1972–73 Moroccan Throne Cup

Tournament details
- Country: Morocco

Final positions
- Champions: Fath Union Sport

= 1972–73 Moroccan Throne Cup =

The 1972–73 season of the Moroccan Throne Cup is the 17th edition of the competition.
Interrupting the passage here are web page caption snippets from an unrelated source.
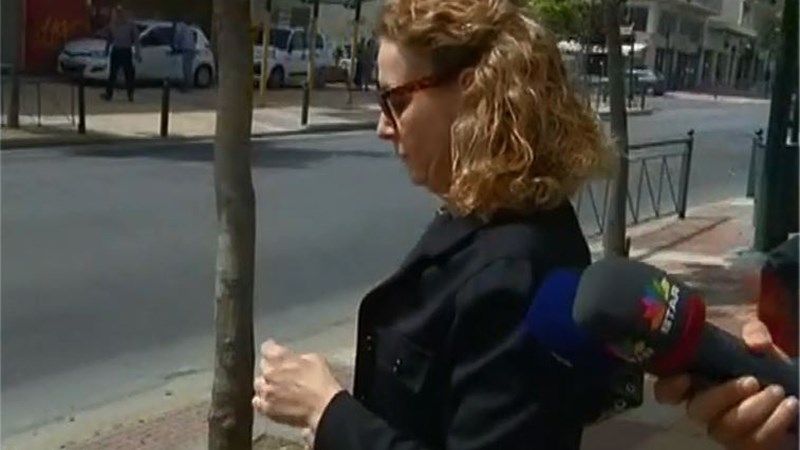 Συντετριμμένη η μητέρα της 6χρονης – ΒΙΝΤΕΟ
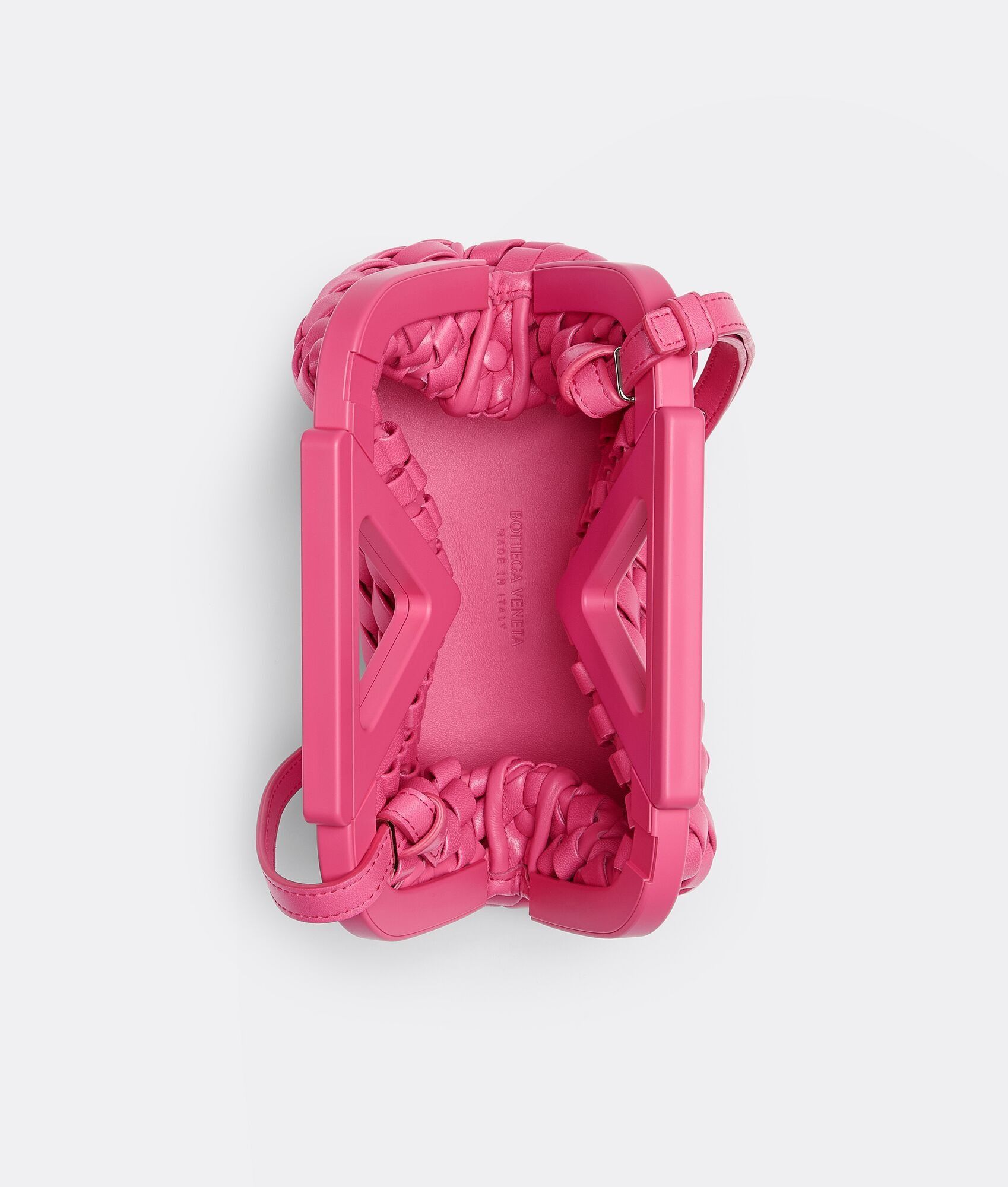 Bottega Veneta o1n1vont0525 Size: OS / Point Pouch in Pink Size ONE SIZE - 3 Thumbnail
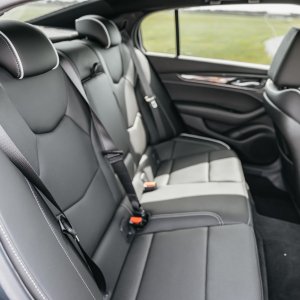 2022 Cadillac CT5-V Blackwing in Shadow Metallic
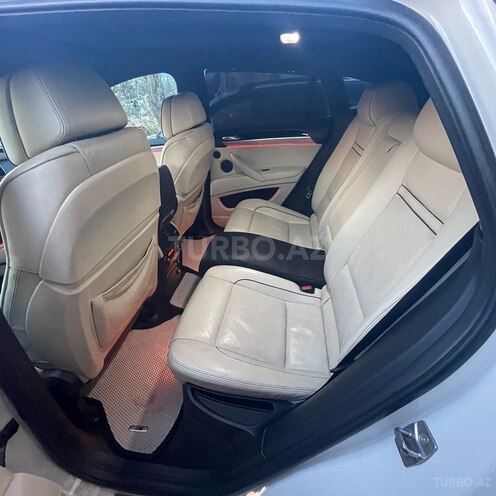 BMW X6 M 2010, 205,000 km - 4.4 l - Bakı
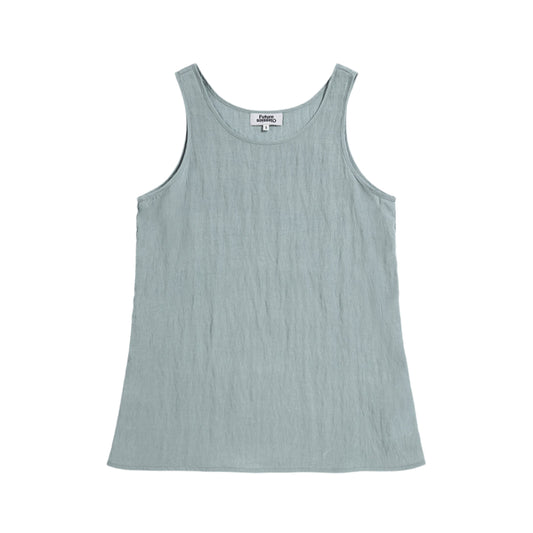 Crinkle Fluid Tank Top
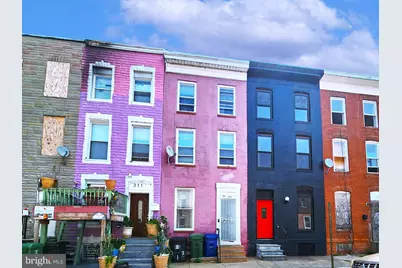 313 Stricker Street, Baltimore, MD 21223 - Photo 1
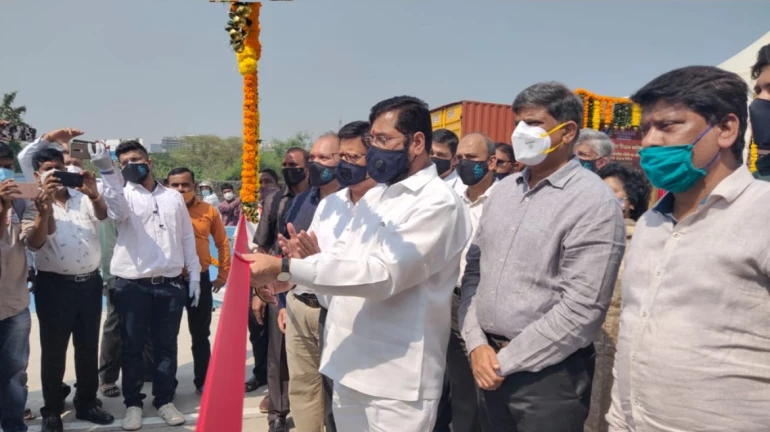 MMRDA inaugurates south-bound flyover on Mumbai’s Eastern Express Highway, to ease traffic woes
Fath Union Sport won the cup, beating Ittihad Khemisset 3–2 in the final, played for the first time at the Stade Al Inbiaâte in Agadir. Fath Union Sport won the competition for the second time in their history.

== Tournament ==
=== Last 16 ===

| Team 1 | Team 2 | Result |
|---|---|---|
| Fath Union Sport | OCE de Casablanca | 0–2 |
| Union Sportive d'Inezgane | Club Athletic Youssoufia Berrechid | 1–0 |
| Chabab Atlas Khénifra | Olympique Youssoufia | 0–1 |
| Chabab Mohammédia | Renaissance de Berkane | 5–0 |
| Renaissance de Settat | Difaâ Hassani El Jadidi | 1–1 1–3 (pens) |
| Ittihad Khemisset | Raja Club Athletic | 2–1 |
| Kawkab Marrakech | Union de Sidi Kacem | 1–1 2–4 (pens) |
| Mouloudia Club d'Oujda | CODM Meknès | 2–0 |

=== Quarter-finals ===

| Team 1 | Team 2 | Result |
|---|---|---|
| Union Sportive d'Inezgane | Olympique Youssoufia | 2–1 |
| Fath Union Sport | Difaâ Hassani El Jadidi | 1–0 |
| Mouloudia Club d'Oujda | Union de Sidi Kacem | 1–3 |
| Ittihad Khemisset | Chabab Mohammédia | 2–1 |

=== Semi-finals ===

| Team 1 | Team 2 | Result |
|---|---|---|
| Wydad Athletic Club | Union de Sidi Kacem | 3–2 |
| Ittihad Khemisset | Union Sportive d'Inezgane | 3–0 |

=== Final ===
The final took place between the two winning semi-finalists, Fath Union Sport and Ittihad Khemisset, on 22 July 1973 at the Stade Al Inbiaâte in Agadir.